# Killies Import > Planted Tanks >  Looking for fissiden zippelianus

## elendil

I hope I spelt that right. Hi all, I'm new to the forum, as well as the world of aquascaping. I currently own a 2x1x1 feet tank and have some java moss and crystal wort growing there and was hoping to learn more from here. 

I actually have two questions which has been bugging me for 2 weeks now. 

1) I'm from KL, Malaysia and I've been searching high and low fissiden zippelianus but no shops around my area are selling them. Can anyone tell me where I can get my hands on those moss? Or if someone has any extra to give away, I'll gladly take it.  :Smile: 

2) What is a good lighting for planted tank? I've read some articles and most of them talked about the spectrum, temperature and watts. I've bought a light (brand name: Aqualux) with two bulb (T5 14W/6700K and T5 14W/PG). Can anyone tell me if I have enough light for my tank?

3) I've read that compact fluorescent has a wide spectrum of light and is very good for planted aquarium. Is this true? Does anyone recommend this?

Thanks and forgive me for asking too much for my first post. 
 :Rolling Eyes:

----------


## uorme99

I share your interest elendil. i am alos new and in process of collecting nice fissidens to make a tank with a whole lot of them  :Smile: back to your question:

1) i think you could ask around with fellow aquarist about this, maybe they have spme to spare  :Smile: 

2)i cant give you an answer for this. but i am using normal PL light and they are growing fine.

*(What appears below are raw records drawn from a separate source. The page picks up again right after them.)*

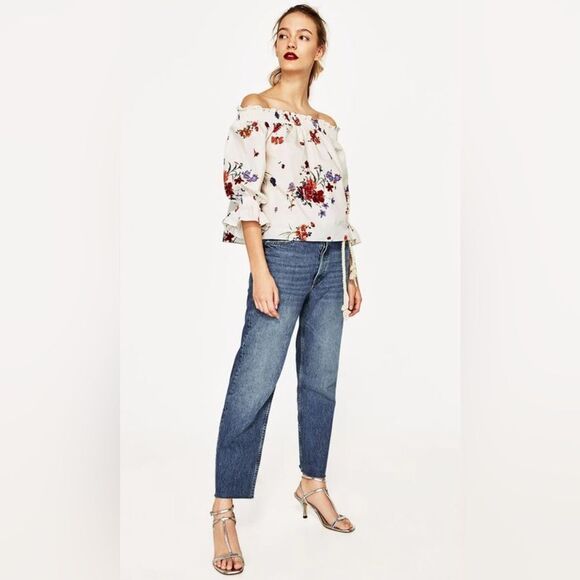 ZARA XS White Blue Vercial Stripe Floral Two Way Quarter Sl On Off Shoulder Top - Picture 2 of 10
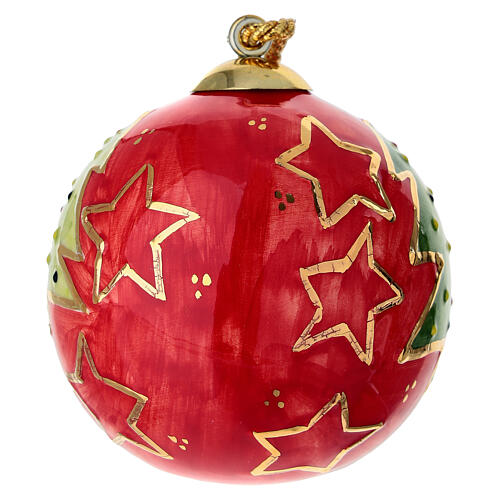 Bola de Natal Dellarte Ceramiche vermelha com árvore verde e dourado pintado à mão 8 cm 4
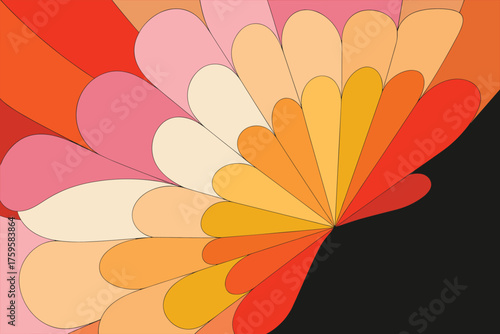 Abstract Retro Floral Petal Pattern With Warm Color Gradient And Black Background beautiful bloom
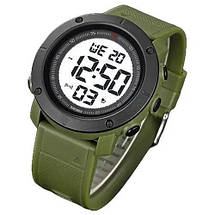 Годинник наручний чоловічий SKMEI 2122AGWT ARMY GREEN-WHITE, армійський годинник протиударний. Колір: зелений, фото 4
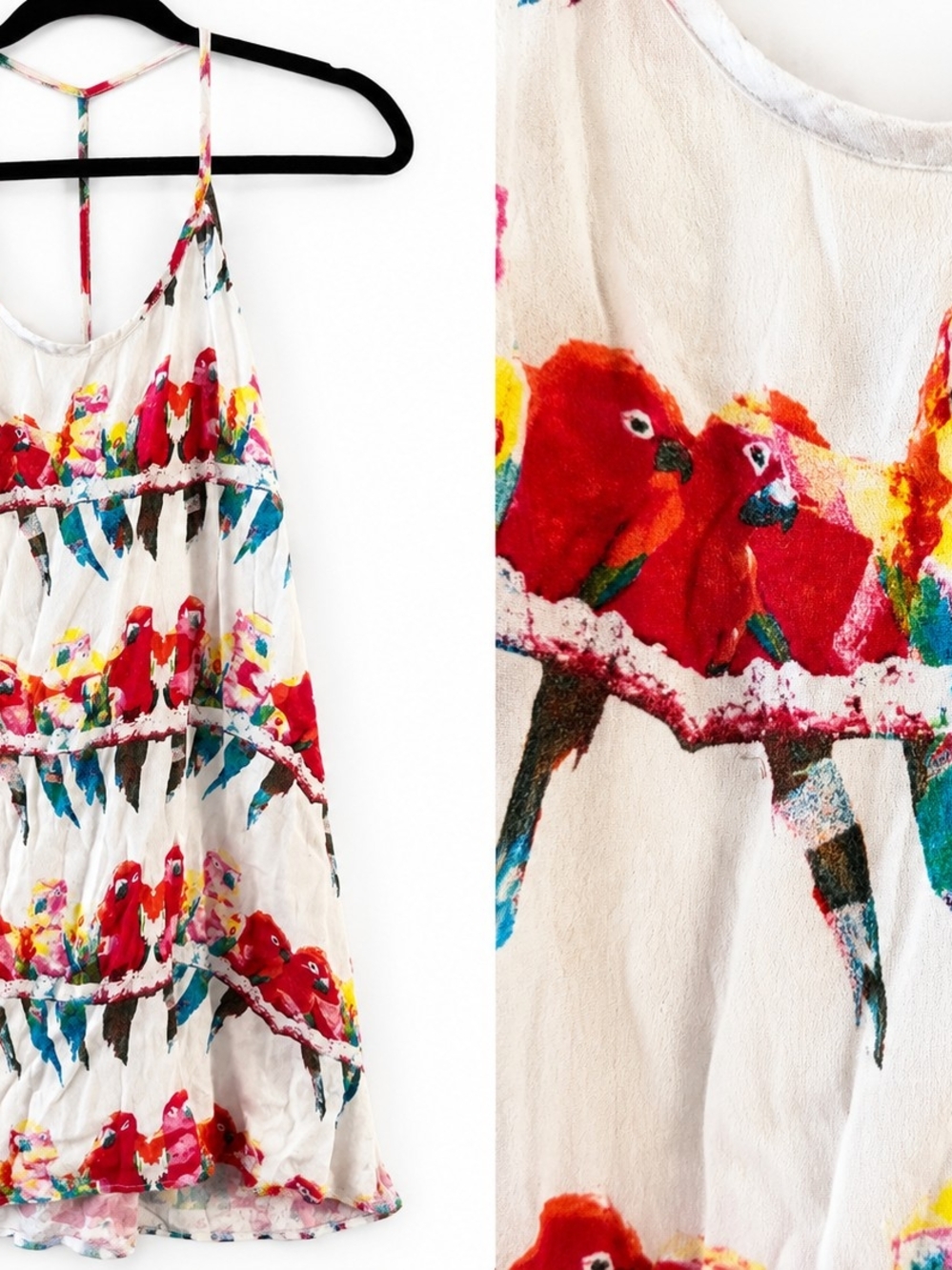 Women’s White Parrot Print Sleeveless Dress - Red Multi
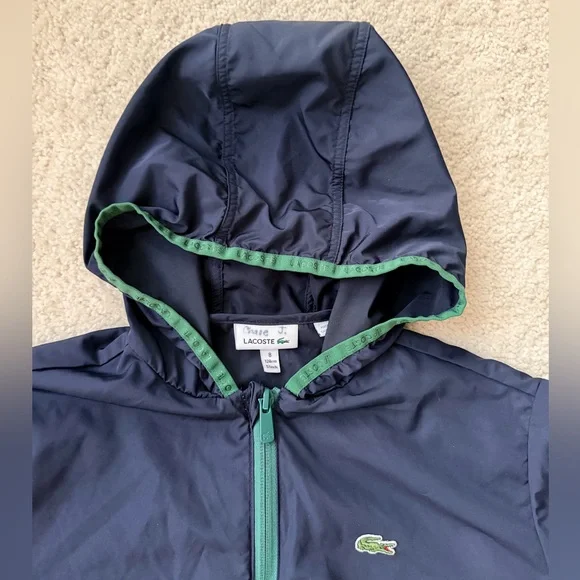 Lacoste Boys Navy and Green Hooded Jacket - Picture 2 of 9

3) i dont know but surely PL is better than FL.

Hope more experience bros/sis could help you out. Have a Great day!

Jumali

----------


## uorme99

I share your interest elendil. i am alos new and in process of collecting nice fissidens to make a tank with a whole lot of them  :Smile: , and as of now i am growing F.fontanus and a wire mesh of Zipper moss,back to your questions:

1) i think you could ask around with fellow aquarist about this, maybe they have spme to spare  :Smile: 

2)i cant give you an answer for this. but i am using normal PL light and they are growing fine.

3) i dont know but surely PL is better than FL.

Hope more experience bros/sis could help you out. Have a Great day!

Jumali

----------


## elendil

Thanks, Jumali. 

Yeah, I'm fascinated by the fissidens. They look so beautiful! Especially the zippelianus when they grow bigger in a bunch.  :Smile:  

So, anyone can tell me where I can get it?

----------


## uorme99

my office PC.... got something must be wrong.. err sorry for that  :Smile:

----------


## elendil

Naw...no problem. I thought you were having internet problem and start pressing F5. Hehehe.

----------


## uorme99

i think it will be great to gather all information regarding Fissidens. Starting from the beloved Fissiden fontanus. how to achieve an excellent growth out of them. hmm looks like intruding your post. i would start up a new post then. Have a great day!

----------


## isterios

Sorry for this old post up, but I have the same request as Elendil:
we (two privates persons) try to gather most of the existing mosses, in order to develop our aquascaping passion, but Fissiden zippelianus is very, very hard to find.

I ordered to aquamagic, but what they call Fissiden zippelianus was only star moss...

So, does someone have a plan to find this moss ? (only Fissiden zippelianus)

If someone on the forum owns this moss, it would be very nice to contact me  :Smile: 

Thank you.

----------


## cbr_400_cbr

Does this moss requires high tech tank?

----------


## Cmlee

interested too

----------


## ne0matr1x

Hello guys. I have some Fissidens Zippelianus but they are in emmersed form.
PM me if you guys are keen.

----------


## kalkwasser

Hi, do you still have them? Are u selling or giving away  :Smile: 




> Hello guys. I have some Fissidens Zippelianus but they are in emmersed form.
> PM me if you guys are keen.

----------


## kalkwasser

Hi, does anyone has some to spare?

----------